Exercise goal
Type out the entries below again, character for character.

*** Records ***

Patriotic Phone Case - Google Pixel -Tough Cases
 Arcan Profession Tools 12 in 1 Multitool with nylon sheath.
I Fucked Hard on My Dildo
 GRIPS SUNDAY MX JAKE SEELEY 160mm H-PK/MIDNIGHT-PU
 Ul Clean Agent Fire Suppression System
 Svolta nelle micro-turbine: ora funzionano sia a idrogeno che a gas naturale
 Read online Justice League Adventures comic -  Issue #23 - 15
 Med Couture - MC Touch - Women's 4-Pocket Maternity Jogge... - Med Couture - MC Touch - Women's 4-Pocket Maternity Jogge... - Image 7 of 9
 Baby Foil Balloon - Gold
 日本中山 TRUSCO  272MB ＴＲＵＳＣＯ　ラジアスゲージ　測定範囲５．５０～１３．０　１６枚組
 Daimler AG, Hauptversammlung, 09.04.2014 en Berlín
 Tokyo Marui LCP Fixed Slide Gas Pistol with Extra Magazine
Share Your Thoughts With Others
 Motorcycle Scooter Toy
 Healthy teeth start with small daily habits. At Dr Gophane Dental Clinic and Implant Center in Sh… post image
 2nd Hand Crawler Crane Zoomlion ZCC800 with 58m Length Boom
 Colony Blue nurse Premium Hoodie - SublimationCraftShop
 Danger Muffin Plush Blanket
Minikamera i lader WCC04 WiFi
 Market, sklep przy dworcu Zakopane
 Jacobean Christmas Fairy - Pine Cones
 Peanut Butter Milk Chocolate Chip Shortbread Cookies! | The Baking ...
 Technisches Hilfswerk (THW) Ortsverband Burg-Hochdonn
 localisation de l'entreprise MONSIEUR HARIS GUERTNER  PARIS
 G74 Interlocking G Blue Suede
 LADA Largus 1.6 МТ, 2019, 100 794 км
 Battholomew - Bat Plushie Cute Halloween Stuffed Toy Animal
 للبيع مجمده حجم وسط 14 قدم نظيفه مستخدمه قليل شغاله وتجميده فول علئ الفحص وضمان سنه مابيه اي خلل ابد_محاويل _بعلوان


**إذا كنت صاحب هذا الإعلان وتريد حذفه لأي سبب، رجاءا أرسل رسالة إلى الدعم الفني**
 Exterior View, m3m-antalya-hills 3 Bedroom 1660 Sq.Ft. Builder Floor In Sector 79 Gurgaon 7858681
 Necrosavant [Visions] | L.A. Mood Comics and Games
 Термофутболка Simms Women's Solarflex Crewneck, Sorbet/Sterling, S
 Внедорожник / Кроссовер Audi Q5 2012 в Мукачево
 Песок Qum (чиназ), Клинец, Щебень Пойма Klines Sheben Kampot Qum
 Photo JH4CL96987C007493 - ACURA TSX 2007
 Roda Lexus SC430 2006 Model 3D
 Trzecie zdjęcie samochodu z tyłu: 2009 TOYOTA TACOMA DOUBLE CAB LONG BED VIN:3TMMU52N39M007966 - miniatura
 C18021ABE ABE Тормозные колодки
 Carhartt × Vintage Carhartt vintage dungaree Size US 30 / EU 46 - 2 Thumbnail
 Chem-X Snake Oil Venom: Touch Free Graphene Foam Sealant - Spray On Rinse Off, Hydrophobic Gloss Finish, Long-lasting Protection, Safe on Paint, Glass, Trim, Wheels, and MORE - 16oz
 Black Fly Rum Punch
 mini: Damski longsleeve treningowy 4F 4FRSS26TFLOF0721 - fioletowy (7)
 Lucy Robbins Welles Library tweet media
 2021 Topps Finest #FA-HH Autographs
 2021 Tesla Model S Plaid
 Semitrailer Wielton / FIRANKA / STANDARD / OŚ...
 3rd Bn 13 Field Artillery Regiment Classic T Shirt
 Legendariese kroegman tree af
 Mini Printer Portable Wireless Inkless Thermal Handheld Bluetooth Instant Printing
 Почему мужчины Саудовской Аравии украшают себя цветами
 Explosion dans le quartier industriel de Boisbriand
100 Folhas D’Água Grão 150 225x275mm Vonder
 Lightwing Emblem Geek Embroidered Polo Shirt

*** End of Records ***

Response to the exercise
Patriotic Phone Case - Google Pixel -Tough Cases
 Arcan Profession Tools 12 in 1 Multitool with nylon sheath.
I Fucked Hard on My Dildo
 GRIPS SUNDAY MX JAKE SEELEY 160mm H-PK/MIDNIGHT-PU
 Ul Clean Agent Fire Suppression System
 Svolta nelle micro-turbine: ora funzionano sia a idrogeno che a gas naturale
 Read online Justice League Adventures comic -  Issue #23 - 15
 Med Couture - MC Touch - Women's 4-Pocket Maternity Jogge... - Med Couture - MC Touch - Women's 4-Pocket Maternity Jogge... - Image 7 of 9
 Baby Foil Balloon - Gold
 日本中山 TRUSCO  272MB ＴＲＵＳＣＯ　ラジアスゲージ　測定範囲５．５０～１３．０　１６枚組
 Daimler AG, Hauptversammlung, 09.04.2014 en Berlín
 Tokyo Marui LCP Fixed Slide Gas Pistol with Extra Magazine
Share Your Thoughts With Others
 Motorcycle Scooter Toy
 Healthy teeth start with small daily habits. At Dr Gophane Dental Clinic and Implant Center in Sh… post image
 2nd Hand Crawler Crane Zoomlion ZCC800 with 58m Length Boom
 Colony Blue nurse Premium Hoodie - SublimationCraftShop
 Danger Muffin Plush Blanket
Minikamera i lader WCC04 WiFi
 Market, sklep przy dworcu Zakopane
 Jacobean Christmas Fairy - Pine Cones
 Peanut Butter Milk Chocolate Chip Shortbread Cookies! | The Baking ...
 Technisches Hilfswerk (THW) Ortsverband Burg-Hochdonn
 localisation de l'entreprise MONSIEUR HARIS GUERTNER  PARIS
 G74 Interlocking G Blue Suede
 LADA Largus 1.6 МТ, 2019, 100 794 км
 Battholomew - Bat Plushie Cute Halloween Stuffed Toy Animal
 للبيع مجمده حجم وسط 14 قدم نظيفه مستخدمه قليل شغاله وتجميده فول علئ الفحص وضمان سنه مابيه اي خلل ابد_محاويل _بعلوان


**إذا كنت صاحب هذا الإعلان وتريد حذفه لأي سبب، رجاءا أرسل رسالة إلى الدعم الفني**
 Exterior View, m3m-antalya-hills 3 Bedroom 1660 Sq.Ft. Builder Floor In Sector 79 Gurgaon 7858681
 Necrosavant [Visions] | L.A. Mood Comics and Games
 Термофутболка Simms Women's Solarflex Crewneck, Sorbet/Sterling, S
 Внедорожник / Кроссовер Audi Q5 2012 в Мукачево
 Песок Qum (чиназ), Клинец, Щебень Пойма Klines Sheben Kampot Qum
 Photo JH4CL96987C007493 - ACURA TSX 2007
 Roda Lexus SC430 2006 Model 3D
 Trzecie zdjęcie samochodu z tyłu: 2009 TOYOTA TACOMA DOUBLE CAB LONG BED VIN:3TMMU52N39M007966 - miniatura
 C18021ABE ABE Тормозные колодки
 Carhartt × Vintage Carhartt vintage dungaree Size US 30 / EU 46 - 2 Thumbnail
 Chem-X Snake Oil Venom: Touch Free Graphene Foam Sealant - Spray On Rinse Off, Hydrophobic Gloss Finish, Long-lasting Protection, Safe on Paint, Glass, Trim, Wheels, and MORE - 16oz
 Black Fly Rum Punch
 mini: Damski longsleeve treningowy 4F 4FRSS26TFLOF0721 - fioletowy (7)
 Lucy Robbins Welles Library tweet media
 2021 Topps Finest #FA-HH Autographs
 2021 Tesla Model S Plaid
 Semitrailer Wielton / FIRANKA / STANDARD / OŚ...
 3rd Bn 13 Field Artillery Regiment Classic T Shirt
 Legendariese kroegman tree af
 Mini Printer Portable Wireless Inkless Thermal Handheld Bluetooth Instant Printing
 Почему мужчины Саудовской Аравии украшают себя цветами
 Explosion dans le quartier industriel de Boisbriand
100 Folhas D’Água Grão 150 225x275mm Vonder
 Lightwing Emblem Geek Embroidered Polo Shirt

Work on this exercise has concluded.